HPP - Hospital Infantil Pequeno Príncipe (PR) — Prova 2022

Enunciado

J.R.M, sexo feminino, 4 anos, faz tratamento para Síndrome nefrótica desde os 2 anos de idade. Atualmente ela está em uso de Ciclosporina diariamente .Internou 2 vezes por descompensação no ano passado, 1 vez com pneumonia e outra vez com peritonite bacteriana espontânea. O calendário vacinal dela está bem desatualizado e não tinha tomado algumas vacinas mesmo antes de iniciar o tratamento da Síndrome nefrótica. Você, então, faz o encaminhamento para que ela receba as seguintes vacinas:

Alternativas

  1. A) Haemophilus, tríplice viral e Hepatite B. 
  2. B) Pneumo-23, varicela e pólio oral. 
  3. C) Pneumo-13 , pólio oral e influenza. 
  4. D) Pneumo 13, influenza e Hepatite B.

Pérola Clínica

Criança com Síndrome Nefrótica em imunossupressão → Priorizar vacinas inativadas: Pneumo 13, Influenza, Hepatite B.

Resumo-Chave

Pacientes com síndrome nefrótica, especialmente em uso de imunossupressores como ciclosporina, apresentam risco aumentado de infecções. A vacinação é crucial, mas deve-se priorizar vacinas inativadas e evitar vacinas vivas atenuadas durante períodos de imunossupressão intensa. A vacina pneumocócica é fundamental devido ao risco de infecções encapsuladas.

Contexto Educacional

A Síndrome Nefrótica (SN) é uma doença renal crônica caracterizada por proteinúria maciça, hipoalbuminemia, edema e hiperlipidemia. O tratamento frequentemente envolve corticosteroides e outros imunossupressores, como a ciclosporina, que aumentam o risco de infecções. A vacinação é uma estratégia fundamental para prevenir morbidade e mortalidade nesses pacientes, mas exige um calendário adaptado. Residentes devem estar cientes das particularidades da imunização nesse grupo. A imunossupressão na SN compromete a resposta imune, tornando os pacientes vulneráveis a infecções graves, incluindo pneumonia e peritonite bacteriana espontânea, frequentemente causadas por bactérias encapsuladas. A perda de imunoglobulinas na urina também contribui para essa suscetibilidade. Portanto, a vacinação com agentes inativados é prioritária. Vacinas vivas atenuadas, como sarampo, caxumba, rubéola (tríplice viral) e varicela, devem ser evitadas durante a imunossupressão ativa e só podem ser consideradas após a suspensão ou redução significativa da terapia imunossupressora, com avaliação individualizada. As vacinas essenciais para crianças com SN em imunossupressão incluem a vacina pneumocócica conjugada (Pneumo 13), que protege contra infecções invasivas por Streptococcus pneumoniae; a vacina influenza anual, devido ao alto risco de complicações respiratórias; e a vacina contra Hepatite B, pois esses pacientes podem necessitar de transfusões sanguíneas ou procedimentos invasivos. É crucial revisar o histórico vacinal e atualizar o esquema de acordo com as diretrizes para imunocomprometidos, sempre priorizando a segurança e eficácia.

Perguntas Frequentes

Quais vacinas são contraindicadas para crianças com síndrome nefrótica em imunossupressão?
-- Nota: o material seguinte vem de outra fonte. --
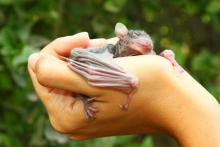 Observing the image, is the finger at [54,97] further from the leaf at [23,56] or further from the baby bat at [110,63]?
the leaf at [23,56]

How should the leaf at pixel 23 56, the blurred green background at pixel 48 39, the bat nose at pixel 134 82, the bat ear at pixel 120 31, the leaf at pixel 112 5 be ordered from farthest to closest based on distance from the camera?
the leaf at pixel 112 5 < the blurred green background at pixel 48 39 < the leaf at pixel 23 56 < the bat ear at pixel 120 31 < the bat nose at pixel 134 82

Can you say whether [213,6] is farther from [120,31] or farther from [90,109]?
[90,109]

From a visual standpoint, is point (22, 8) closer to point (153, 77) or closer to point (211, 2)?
point (211, 2)

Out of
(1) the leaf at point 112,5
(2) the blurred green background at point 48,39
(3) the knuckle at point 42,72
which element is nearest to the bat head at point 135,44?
(3) the knuckle at point 42,72

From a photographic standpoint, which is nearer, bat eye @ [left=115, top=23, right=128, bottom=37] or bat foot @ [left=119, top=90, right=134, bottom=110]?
bat foot @ [left=119, top=90, right=134, bottom=110]

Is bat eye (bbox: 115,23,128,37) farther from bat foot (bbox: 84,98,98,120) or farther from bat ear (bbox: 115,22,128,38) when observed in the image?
bat foot (bbox: 84,98,98,120)

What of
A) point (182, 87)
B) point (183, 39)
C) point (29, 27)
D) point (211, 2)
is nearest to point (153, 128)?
point (182, 87)

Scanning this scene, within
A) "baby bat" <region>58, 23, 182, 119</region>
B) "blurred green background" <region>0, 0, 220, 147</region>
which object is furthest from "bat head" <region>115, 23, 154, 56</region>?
"blurred green background" <region>0, 0, 220, 147</region>

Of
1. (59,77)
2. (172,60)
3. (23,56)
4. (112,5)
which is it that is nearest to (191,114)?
(172,60)
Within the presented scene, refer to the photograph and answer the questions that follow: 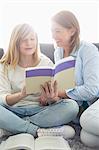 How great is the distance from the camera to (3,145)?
154cm

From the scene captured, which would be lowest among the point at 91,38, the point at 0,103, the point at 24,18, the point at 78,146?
the point at 78,146

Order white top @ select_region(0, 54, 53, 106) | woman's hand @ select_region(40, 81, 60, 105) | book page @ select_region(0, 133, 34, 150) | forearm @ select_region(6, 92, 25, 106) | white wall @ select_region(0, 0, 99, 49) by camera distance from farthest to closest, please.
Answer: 1. white wall @ select_region(0, 0, 99, 49)
2. white top @ select_region(0, 54, 53, 106)
3. forearm @ select_region(6, 92, 25, 106)
4. woman's hand @ select_region(40, 81, 60, 105)
5. book page @ select_region(0, 133, 34, 150)

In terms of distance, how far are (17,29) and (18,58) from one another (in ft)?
0.55

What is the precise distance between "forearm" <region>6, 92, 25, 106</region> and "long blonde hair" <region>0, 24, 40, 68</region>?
19 cm

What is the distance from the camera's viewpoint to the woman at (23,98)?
5.49 ft

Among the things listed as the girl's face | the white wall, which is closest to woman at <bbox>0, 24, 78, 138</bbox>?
the girl's face

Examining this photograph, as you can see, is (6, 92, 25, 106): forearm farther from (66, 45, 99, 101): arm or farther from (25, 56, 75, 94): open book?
(66, 45, 99, 101): arm

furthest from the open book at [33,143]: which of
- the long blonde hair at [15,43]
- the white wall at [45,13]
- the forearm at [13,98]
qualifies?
the white wall at [45,13]

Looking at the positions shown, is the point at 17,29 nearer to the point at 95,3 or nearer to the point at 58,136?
the point at 58,136

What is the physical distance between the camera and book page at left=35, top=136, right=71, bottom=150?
147 centimetres

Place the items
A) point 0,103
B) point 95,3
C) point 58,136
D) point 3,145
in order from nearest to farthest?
point 3,145 → point 58,136 → point 0,103 → point 95,3

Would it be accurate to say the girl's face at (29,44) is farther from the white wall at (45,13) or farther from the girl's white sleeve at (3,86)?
the white wall at (45,13)

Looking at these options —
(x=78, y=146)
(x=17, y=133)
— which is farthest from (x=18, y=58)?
(x=78, y=146)

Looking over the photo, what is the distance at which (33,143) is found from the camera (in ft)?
5.02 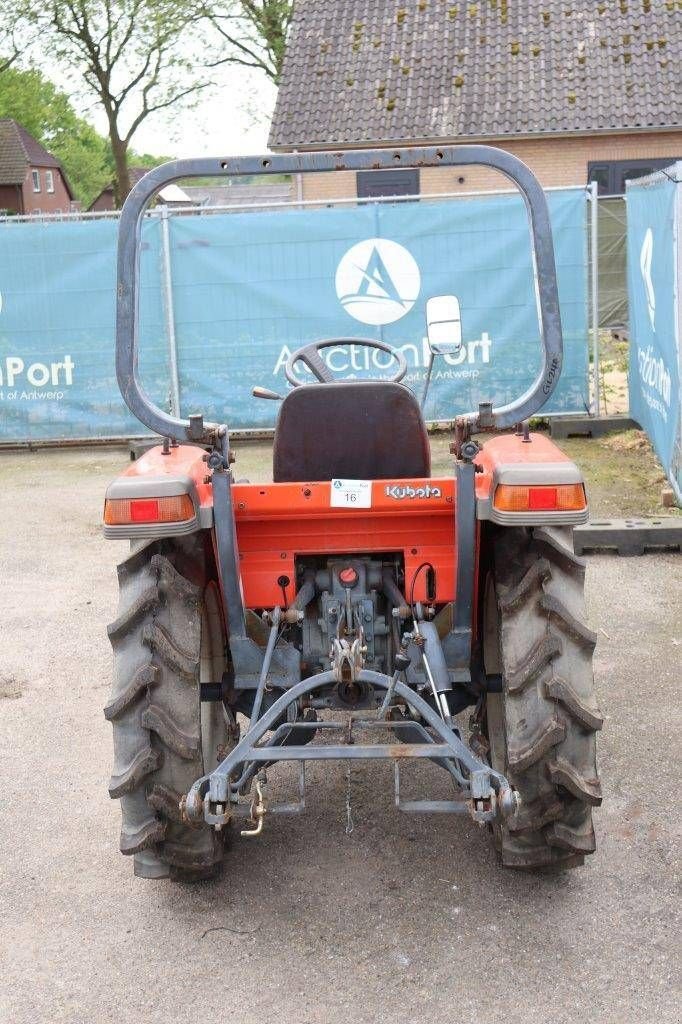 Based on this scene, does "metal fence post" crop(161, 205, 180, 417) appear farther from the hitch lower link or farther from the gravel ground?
the hitch lower link

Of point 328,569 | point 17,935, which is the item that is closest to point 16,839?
point 17,935

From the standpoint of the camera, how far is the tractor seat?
12.4ft

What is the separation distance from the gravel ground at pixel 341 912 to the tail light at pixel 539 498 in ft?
3.86

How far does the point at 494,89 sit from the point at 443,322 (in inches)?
776

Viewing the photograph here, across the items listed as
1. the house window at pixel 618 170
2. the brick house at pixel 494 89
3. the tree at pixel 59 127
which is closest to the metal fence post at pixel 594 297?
the brick house at pixel 494 89

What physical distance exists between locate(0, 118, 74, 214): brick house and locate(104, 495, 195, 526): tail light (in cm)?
6055

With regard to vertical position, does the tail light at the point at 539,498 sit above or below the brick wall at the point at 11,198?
below

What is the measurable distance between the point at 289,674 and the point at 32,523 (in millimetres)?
5760

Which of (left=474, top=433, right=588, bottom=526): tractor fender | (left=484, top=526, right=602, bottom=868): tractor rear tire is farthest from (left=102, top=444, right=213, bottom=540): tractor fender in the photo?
(left=484, top=526, right=602, bottom=868): tractor rear tire

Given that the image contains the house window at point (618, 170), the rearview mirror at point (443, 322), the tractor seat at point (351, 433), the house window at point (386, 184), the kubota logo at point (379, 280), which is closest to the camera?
the tractor seat at point (351, 433)

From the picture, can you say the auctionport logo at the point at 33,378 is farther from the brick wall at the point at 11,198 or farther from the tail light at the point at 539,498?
the brick wall at the point at 11,198

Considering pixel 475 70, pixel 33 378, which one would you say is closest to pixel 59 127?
pixel 475 70

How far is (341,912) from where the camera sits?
3537 millimetres

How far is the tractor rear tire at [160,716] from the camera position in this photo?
11.0ft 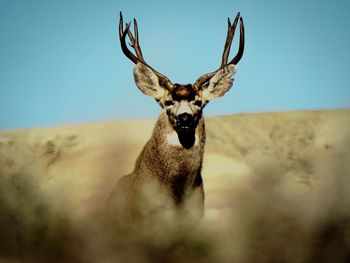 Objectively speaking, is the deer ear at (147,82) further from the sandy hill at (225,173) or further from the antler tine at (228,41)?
the sandy hill at (225,173)

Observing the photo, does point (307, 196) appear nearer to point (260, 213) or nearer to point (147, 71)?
point (260, 213)

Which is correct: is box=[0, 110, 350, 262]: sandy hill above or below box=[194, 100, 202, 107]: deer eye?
below

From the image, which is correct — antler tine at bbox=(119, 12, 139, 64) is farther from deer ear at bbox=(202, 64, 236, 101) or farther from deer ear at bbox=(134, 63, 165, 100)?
deer ear at bbox=(202, 64, 236, 101)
Vacinas vivas atenuadas, como a tríplice viral (sarampo, caxumba, rubéola), varicela e pólio oral, são geralmente contraindicadas durante períodos de imunossupressão intensa devido ao risco de replicação viral e doença vacinal.

Por que a vacina pneumocócica é tão importante na síndrome nefrótica?

Pacientes com síndrome nefrótica têm maior risco de infecções por bactérias encapsuladas, como o Streptococcus pneumoniae, devido à perda de imunoglobulinas na urina e à imunossupressão. A vacina pneumocócica, especialmente a conjugada (Pneumo 13), oferece proteção essencial.

Quando a vacina influenza deve ser administrada em pacientes com síndrome nefrótica?

A vacina influenza deve ser administrada anualmente, preferencialmente antes do início da temporada de gripe, para proteger contra as cepas circulantes. É uma vacina inativada e segura para pacientes imunocomprometidos.